How likely is extinction from superintelligent AI?

5 min read

Suggest changes in Google Docs

Predicting events that are unlike anything that has ever happened is hard, but producing educated guesses on such subjects is necessary. Various people have tried putting numbers on their informed guesses of the chance of superintelligence leading to existential catastrophe, giving subjective estimates ranging from under 1% to over 90%.

Eliezer Yudkowsky and Nate Soares at the Machine Intelligence Research Institute (MIRI) are examples of researchers who give high probabilities of extinction. In Yudkowsky’s view, humanity is on the bad end of a logistic success curve: because our response to the problem is seriously inadequate in multiple ways, any individual improvement won’t do much good by itself. By their mainline models, we’d need to “move up the curve” by doing better in several dimensions before we’d start seeing our probability of survival increase by a noticeable amount from the present ~0%.
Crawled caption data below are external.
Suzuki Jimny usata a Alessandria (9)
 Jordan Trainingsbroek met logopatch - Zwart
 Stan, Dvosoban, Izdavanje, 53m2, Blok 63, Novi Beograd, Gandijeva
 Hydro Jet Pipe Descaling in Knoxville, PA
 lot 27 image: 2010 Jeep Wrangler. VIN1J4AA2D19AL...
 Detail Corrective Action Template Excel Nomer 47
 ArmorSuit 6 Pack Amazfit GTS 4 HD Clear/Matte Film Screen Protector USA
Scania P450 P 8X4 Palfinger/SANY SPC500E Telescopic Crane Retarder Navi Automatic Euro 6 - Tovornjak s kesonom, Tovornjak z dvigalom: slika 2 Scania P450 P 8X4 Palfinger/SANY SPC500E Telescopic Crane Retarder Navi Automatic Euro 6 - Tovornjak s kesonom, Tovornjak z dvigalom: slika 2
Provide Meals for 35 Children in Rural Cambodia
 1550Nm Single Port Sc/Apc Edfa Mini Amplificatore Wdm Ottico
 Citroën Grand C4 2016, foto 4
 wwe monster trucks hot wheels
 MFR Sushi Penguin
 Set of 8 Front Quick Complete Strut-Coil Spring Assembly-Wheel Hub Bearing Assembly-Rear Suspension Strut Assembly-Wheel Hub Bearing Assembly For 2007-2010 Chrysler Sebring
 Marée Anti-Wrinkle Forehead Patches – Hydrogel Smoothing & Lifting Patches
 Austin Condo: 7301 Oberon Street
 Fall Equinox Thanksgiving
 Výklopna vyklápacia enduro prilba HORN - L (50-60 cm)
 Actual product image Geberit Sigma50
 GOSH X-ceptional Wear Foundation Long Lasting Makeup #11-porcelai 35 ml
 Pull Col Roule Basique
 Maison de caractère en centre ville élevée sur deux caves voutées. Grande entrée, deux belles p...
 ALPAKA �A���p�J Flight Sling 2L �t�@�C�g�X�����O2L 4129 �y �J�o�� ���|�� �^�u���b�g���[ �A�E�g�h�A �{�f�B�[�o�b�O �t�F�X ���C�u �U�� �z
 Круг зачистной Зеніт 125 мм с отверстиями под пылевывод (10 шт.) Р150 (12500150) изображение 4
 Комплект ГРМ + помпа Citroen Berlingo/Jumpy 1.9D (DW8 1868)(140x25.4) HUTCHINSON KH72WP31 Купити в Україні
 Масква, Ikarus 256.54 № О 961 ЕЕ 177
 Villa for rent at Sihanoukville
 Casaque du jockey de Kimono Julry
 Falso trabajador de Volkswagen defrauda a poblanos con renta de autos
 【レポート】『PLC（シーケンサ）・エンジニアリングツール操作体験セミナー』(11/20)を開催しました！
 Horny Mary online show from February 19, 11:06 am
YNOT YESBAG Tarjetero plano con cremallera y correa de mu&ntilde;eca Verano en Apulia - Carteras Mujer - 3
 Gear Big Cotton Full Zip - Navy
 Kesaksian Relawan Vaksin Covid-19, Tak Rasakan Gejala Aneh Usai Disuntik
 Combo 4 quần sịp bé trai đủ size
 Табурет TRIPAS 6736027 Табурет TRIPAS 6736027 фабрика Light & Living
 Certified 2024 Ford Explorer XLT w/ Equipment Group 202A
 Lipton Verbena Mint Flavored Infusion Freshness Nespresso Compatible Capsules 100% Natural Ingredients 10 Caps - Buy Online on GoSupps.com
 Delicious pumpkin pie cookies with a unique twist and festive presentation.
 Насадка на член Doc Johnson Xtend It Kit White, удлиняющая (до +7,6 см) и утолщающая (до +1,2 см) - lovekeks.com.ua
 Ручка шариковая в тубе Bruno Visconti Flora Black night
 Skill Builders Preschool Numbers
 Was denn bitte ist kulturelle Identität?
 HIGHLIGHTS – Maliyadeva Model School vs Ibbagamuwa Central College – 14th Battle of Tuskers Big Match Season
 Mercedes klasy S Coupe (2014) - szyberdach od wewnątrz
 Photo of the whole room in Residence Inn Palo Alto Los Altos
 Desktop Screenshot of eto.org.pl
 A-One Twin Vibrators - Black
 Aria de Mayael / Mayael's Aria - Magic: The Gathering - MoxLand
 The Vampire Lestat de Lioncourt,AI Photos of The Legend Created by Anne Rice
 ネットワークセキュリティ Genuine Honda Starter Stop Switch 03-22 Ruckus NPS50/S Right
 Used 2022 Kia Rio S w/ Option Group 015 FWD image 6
Others, including Paul Christiano and Katja Grace, give lower but still substantial probabilities of extinction (20%¹ & 19%)².

Joe Carlsmith wrote a report which offers a framework for calculating the probability of power-seeking AI causing an existential catastrophe. The calculation involves multiplying factors like "how likely are AI systems to be agentic?" and "how likely is a warning shot?". Carlsmith gave a final estimate of >10%; various reviewers used the same model to come up with different probabilities..

The Forecasting Research Institute ran a study in 2022, called the “Existential Risk Persuasion Tournament” (XPT), in which they gathered predictions from two groups: “experts” on AI and other fields relevant to existential risk, and “superforecasters” who had performed well on short-term geopolitics predictions. The probability of AI causing catastrophe (defined as killing at least 10% of the population in a 5-year period), according to the median expert and superforecaster, was 12% and 2% respectively; for AI causing human extinction, it was 3% and 0.4%.³ ⁴

Though the range of estimates is wide, even those at the low end are worryingly high. Ben Garfinkel estimates the existential risk from power-seeking AI by 2070 at only 0.4%, but nevertheless believes major efforts are justified to understand and reduce it.

Paul Christiano gives 20% as his guess for “Probability that most humans die within 10 years of building powerful AI (powerful enough to make human labor obsolete)”, alongside guesses of 22% ‘Probability of AI takeover” and 55% on “humanity irreversibly mess[ing] up our future within 10 years of building powerful AI” ↩︎
Katja Grace gives 19% as her “overall probability of doom”, which includes some non-extinction scenarios. Her talk outlines her overall model. ↩︎
The risk estimates of XPT participants, especially superforecasters, are much lower than those of most researchers in the field. This may be largely because they’re confident that AI won’t have transformative consequences soon: XPT superforecasters predicted only a 3.75% chance of transformative AI, defined as at least 15% economic growth in a year, by the year 2070. On nearer-term questions whose outcome will be known soon, it looks like XPT participants have strongly underpredicted the speed of AI progress. For example, they have underestimated progress on the MATH and MMLU benchmarks, and it looks like both computing power available per dollar and money spent on training runs will easily exceed the 95th percentile estimate of the XPT superforecasters. ↩︎
Even after some discussion, the estimates of both groups did not converge. ↩︎